Those writers that came before sometimes talk about having drawers full of rejection letters from magazines and publishing houses. That sounds amazing, because who writes letters anymore? More so because being told you aren’t good enough that many times would break the average person. Unfortunately, it seems to be the way things go. There are only so many publications out there, and there are more writers out there than you can shake a badly organized portfolio of fictional works at. 
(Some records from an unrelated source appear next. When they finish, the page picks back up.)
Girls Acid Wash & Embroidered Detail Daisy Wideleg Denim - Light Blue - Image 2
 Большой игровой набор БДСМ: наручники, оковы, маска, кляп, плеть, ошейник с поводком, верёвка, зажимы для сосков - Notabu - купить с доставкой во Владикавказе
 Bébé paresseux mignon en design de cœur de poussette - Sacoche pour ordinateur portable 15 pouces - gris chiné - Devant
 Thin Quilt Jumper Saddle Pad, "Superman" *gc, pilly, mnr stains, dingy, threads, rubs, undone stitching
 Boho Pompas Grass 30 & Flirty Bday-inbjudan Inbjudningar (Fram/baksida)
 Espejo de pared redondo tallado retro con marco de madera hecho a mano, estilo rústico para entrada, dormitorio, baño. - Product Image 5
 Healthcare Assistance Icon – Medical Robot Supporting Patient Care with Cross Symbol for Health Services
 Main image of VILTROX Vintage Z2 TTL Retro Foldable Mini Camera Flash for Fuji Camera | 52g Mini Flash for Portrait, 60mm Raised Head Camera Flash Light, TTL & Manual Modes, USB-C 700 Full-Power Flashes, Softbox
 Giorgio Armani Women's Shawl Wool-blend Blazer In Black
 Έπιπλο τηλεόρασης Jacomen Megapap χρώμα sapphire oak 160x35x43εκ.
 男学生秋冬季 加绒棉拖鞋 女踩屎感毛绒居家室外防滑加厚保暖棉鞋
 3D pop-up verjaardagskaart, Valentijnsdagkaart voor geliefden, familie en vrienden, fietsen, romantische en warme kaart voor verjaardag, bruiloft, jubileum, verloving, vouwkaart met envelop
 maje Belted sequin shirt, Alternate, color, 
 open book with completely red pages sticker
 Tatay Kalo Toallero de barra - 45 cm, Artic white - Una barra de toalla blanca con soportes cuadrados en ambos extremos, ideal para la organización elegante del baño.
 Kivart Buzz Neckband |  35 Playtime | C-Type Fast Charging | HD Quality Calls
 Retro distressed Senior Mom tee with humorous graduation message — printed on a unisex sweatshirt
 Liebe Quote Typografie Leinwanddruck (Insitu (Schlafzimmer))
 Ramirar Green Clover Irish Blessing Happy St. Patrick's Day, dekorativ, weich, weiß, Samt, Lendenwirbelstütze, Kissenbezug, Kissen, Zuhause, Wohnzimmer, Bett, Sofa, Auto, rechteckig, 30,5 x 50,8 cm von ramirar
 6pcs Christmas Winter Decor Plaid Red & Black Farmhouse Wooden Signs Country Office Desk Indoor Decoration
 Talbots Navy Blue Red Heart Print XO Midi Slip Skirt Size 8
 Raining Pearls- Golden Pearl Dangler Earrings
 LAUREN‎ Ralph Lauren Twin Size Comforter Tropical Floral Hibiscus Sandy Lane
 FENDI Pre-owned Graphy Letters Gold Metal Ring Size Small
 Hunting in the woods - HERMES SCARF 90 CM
Needless to say, I’m one of them. I’ve briefly been on the other side of the rejection situation, when I got to intern on the editing team for my school’s literary magazine. Even in that short time I realized there are too many stories, and too little time. Something good could sink to the bottom, because there is so much dreck out there that you might catch a first reader at a bad time. I’m sorry guy who had a touching story about the death of an elderly woman, I just got done reading a story about a woman watching her dog lick its balls, I’m sort of in a bad way right now.

Now I’m getting my rejections. Well, I’ve been rejected before, but usually it comes in the form of an email. It isn’t a huge deal when I get an email saying that my story isn’t going to be taken. It will sink to the bottom of the archives, and I will never see it again. This rejection though took on a whole new monstrous form. It was a contest, for an award at the Bellingham Review, and entering the contest guaranteed me a copy of the magazine. So not only did I not get in, now I get to read what made it in instead of me.

I wouldn’t wish this upon my worst enemy. It is hard to imagine a psychological torture more foul than seeing other works you know were deemed superior to yours. I immediately started asking why. was it this intro paragraph? Is it because of this colorful diction? Is it the flow of the plot, or the random additions here and there? WHY!? WHY!? WHY!? 

My ego could have used a victory, and instead I have grim motivation. I have to look at other stories that I was sure I could beat out, and know that I’m still not good enough. Now if you excuse me, I’m going to go cry into a cup of hot coffee while I turn the page.